There were 214 housing units, of which 6.5% were vacant. The homeowner vacancy rate was 0.0% and the rental vacancy rate was 2.5%.

Racial composition as of the 2020 census
| Race | Number | Percent |
|---|---|---|
| White | 16 | 2.0% |
| Black or African American | 0 | 0.0% |
| American Indian and Alaska Native | 786 | 97.2% |
| Asian | 0 | 0.0% |
| Native Hawaiian and Other Pacific Islander | 0 | 0.0% |
| Some other race | 0 | 0.0% |
| Two or more races | 7 | 0.9% |
| Hispanic or Latino (of any race) | 0 | 0.0% |

===2000 census===

As of the census of 2000, there were 772 people, 172 households, and 147 families residing in the city. The population density was 306.1 PD/sqmi. There were 188 housing units at an average density of 74.5 /mi2. The racial makeup of the city was 3.24% White, 0.13% Black or African American, 94.82% Native American, 0.78% Asian, 0.13% Pacific Islander, and 0.91% from two or more races. 0.13% of the population were Hispanic or Latino of any race.

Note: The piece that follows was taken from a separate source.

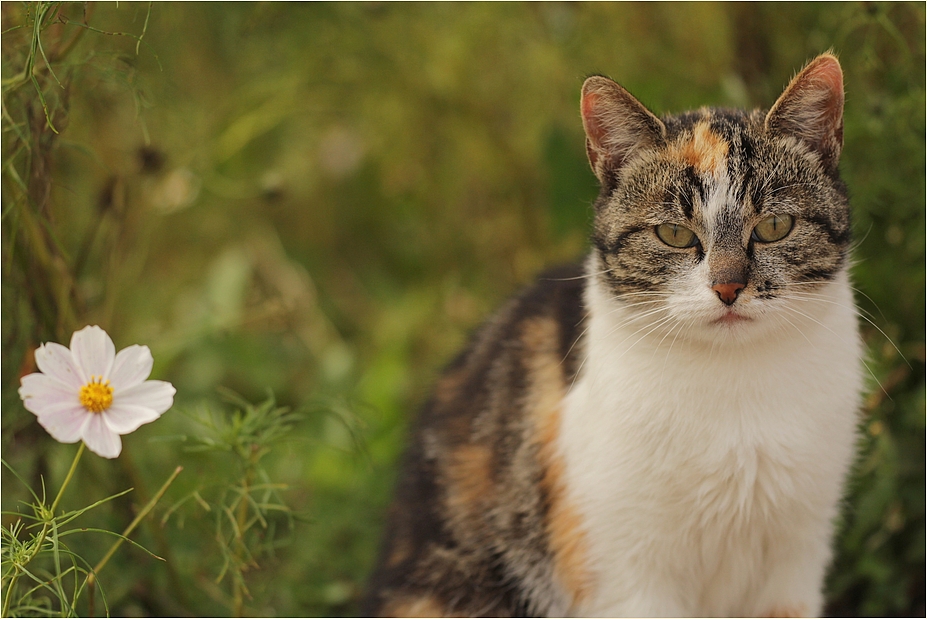 die Katze und das Plümchen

There were 172 households, out of which 68.6% had children under the age of 18 living with them, 41.9% were married couples living together, 29.1% had a female householder with no husband present, and 14.5% were non-families. 12.8% of all households were made up of individuals, and 1.2% had someone living alone who was 65 years of age or older. The average household size was 4.49 and the average family size was 4.78.

In the city, the age distribution of the population shows 48.1% under the age of 18, 12.7% from 18 to 24, 23.1% from 25 to 44, 10.6% from 45 to 64, and 5.6% who were 65 years of age or older. The median age was 19 years. For every 100 females, there were 108.1 males. For every 100 females age 18 and over, there were 116.8 males.

The median income for a household in the city was $25,625, and the median income for a family was $27,639. Males had a median income of $50,278 versus $40,417 for females. The per capita income for the city was $8,170. About 34.6% of families and 34.4% of the population were below the poverty line, including 36.2% of those under age 18 and 22.7% of those age 65 or over.

==History==
A Lt. Lavrenty Zagoskin of the Imperial Russian Navy first reported the village in the 1840s as "Chilivik." In his census study in 1880, Ivan Petrof counted 100 "Selawigamute" people.

Around 1908, the village site had a small wooden schoolhouse and church. The village now has expanded across the Selawik River onto three banks, linked by bridges.

==Education==
The Davis-Ramoth Memorial School, operated by the Northwest Arctic Borough School District, serves the community. As of 2017 it had about 270 students, with Alaska Natives making up the majority.